Troubleshooting Splunk Search Head Clusters

SP6
October 15, 2019

There is always a sense of dread when your search head cluster (SHC) goes down. It’s the interface to Splunk, and for the analysts, it’s their window to the data world. Without a working search head (SH), you end up with a security operations center (SOC) or business unit sitting around anxiously twiddling their thumbs hoping to get access to their dashboards and alerts.

Fear not, there are a few simple trouble shooting tricks we can try to help get the SHC back in prime shape.

Common Hurdle (1) – A search head is refusing to join the cluster due to Automatic Detention

If the SH is in detention the most likely culprit is something was changed on only that server and the rest of the cluster, like an uptight 8^th grade English teacher, put it in detention for being different. The most common causes of this are where someone has made changes in a default folder on the back end or tried to install an app locally on only that SH.

Remediation:

The first step would be to push a fresh bundle from the Deployer, if it was a rogue app installation or a change in an app/default folder this should clear up the issue.

If the issue persists, some more surgical validation may be necessary, first check server.conf in app/default, or system/local to verify your hostname is the correct hostname. It has been documented that SHCs managed by tools like Git can possibly share their system/local settings, and another SH may have overwritten the server.conf on your rogue SH, with its own server.conf. This could create a situation in which two SHs in the same cluster end up with the same hostname.

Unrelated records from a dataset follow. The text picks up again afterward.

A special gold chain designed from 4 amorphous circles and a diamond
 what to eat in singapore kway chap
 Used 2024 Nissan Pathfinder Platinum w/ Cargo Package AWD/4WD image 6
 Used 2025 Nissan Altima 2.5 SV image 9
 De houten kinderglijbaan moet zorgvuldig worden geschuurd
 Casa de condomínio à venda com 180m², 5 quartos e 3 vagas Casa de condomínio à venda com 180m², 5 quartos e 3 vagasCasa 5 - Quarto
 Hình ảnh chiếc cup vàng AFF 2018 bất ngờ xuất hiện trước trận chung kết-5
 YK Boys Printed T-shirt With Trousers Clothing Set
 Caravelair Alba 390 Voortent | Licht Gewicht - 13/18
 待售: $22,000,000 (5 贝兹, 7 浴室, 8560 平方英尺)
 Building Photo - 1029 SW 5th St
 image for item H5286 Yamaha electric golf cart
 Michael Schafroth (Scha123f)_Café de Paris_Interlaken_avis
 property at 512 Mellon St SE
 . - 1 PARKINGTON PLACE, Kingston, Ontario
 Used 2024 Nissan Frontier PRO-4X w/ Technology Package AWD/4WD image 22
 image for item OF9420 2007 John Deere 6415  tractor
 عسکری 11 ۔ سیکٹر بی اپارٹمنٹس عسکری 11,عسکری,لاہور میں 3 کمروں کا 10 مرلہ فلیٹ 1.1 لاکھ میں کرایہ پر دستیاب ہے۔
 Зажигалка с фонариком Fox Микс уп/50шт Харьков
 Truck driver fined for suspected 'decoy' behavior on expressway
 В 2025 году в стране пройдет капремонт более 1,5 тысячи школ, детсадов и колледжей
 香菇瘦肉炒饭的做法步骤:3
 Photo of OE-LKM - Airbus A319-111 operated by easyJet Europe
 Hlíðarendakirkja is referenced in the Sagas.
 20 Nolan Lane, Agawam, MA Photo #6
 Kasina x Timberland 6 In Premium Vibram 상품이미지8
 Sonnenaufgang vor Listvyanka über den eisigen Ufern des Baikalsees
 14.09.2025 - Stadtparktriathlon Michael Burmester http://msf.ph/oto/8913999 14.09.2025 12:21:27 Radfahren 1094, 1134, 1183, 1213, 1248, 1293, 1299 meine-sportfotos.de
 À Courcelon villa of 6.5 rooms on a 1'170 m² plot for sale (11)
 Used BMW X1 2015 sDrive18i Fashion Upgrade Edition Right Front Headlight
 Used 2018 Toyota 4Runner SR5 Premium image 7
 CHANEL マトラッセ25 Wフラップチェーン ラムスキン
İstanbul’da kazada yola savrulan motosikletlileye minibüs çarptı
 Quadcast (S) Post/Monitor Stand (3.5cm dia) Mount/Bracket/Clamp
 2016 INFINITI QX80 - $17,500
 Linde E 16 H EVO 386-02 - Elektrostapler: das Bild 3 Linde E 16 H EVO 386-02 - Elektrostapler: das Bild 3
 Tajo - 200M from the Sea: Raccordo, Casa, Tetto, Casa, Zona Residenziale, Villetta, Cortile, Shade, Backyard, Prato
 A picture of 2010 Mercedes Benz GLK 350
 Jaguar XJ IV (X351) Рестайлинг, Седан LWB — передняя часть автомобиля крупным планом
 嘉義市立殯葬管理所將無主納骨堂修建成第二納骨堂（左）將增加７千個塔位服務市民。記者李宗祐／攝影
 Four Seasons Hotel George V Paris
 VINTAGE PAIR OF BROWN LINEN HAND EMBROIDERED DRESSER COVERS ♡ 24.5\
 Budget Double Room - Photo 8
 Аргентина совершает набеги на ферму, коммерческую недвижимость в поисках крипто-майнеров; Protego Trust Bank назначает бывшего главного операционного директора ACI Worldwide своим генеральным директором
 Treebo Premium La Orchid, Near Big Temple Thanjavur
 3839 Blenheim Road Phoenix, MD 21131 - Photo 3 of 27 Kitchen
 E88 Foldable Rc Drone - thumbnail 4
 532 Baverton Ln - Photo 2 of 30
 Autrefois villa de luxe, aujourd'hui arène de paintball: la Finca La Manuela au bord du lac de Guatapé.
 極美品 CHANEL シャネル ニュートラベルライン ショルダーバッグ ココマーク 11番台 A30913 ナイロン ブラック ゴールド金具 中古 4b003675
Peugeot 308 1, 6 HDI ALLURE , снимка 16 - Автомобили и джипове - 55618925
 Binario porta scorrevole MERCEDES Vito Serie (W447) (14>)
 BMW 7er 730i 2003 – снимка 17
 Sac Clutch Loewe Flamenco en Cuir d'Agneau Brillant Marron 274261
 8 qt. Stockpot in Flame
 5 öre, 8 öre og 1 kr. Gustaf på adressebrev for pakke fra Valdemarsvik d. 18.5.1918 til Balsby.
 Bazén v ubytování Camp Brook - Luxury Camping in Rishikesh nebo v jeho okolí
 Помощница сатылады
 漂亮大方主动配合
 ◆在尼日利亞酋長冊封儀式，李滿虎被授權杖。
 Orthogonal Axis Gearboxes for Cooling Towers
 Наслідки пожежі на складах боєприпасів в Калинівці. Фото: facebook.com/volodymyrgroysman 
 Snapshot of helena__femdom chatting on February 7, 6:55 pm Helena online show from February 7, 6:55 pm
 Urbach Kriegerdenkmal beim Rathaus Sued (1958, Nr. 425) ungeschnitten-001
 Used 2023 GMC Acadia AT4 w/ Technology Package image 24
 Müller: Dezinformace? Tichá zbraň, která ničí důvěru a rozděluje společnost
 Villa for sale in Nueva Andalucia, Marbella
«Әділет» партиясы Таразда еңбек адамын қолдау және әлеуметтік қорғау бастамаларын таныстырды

If the server.conf files are all good, then your next step would be a side-by-side comparison or diff of a btool output. Run a btool looking at server.conf [splunk btool server –debug list] and output to a file on both a working SH and the detained one, then (if in Linux) run a diff of the two outputs. This will allow you to see the settings of the configs that work, and the other that doesn’t work, modify the rogue one accordingly.

Common Hurdle (2) – The SHC is over-tasked with too many scheduled searches, resulting in a high skip ratio

It is not uncommon when your team falls in love with Splunk to set up a ton of scheduled searches and accelerate everything.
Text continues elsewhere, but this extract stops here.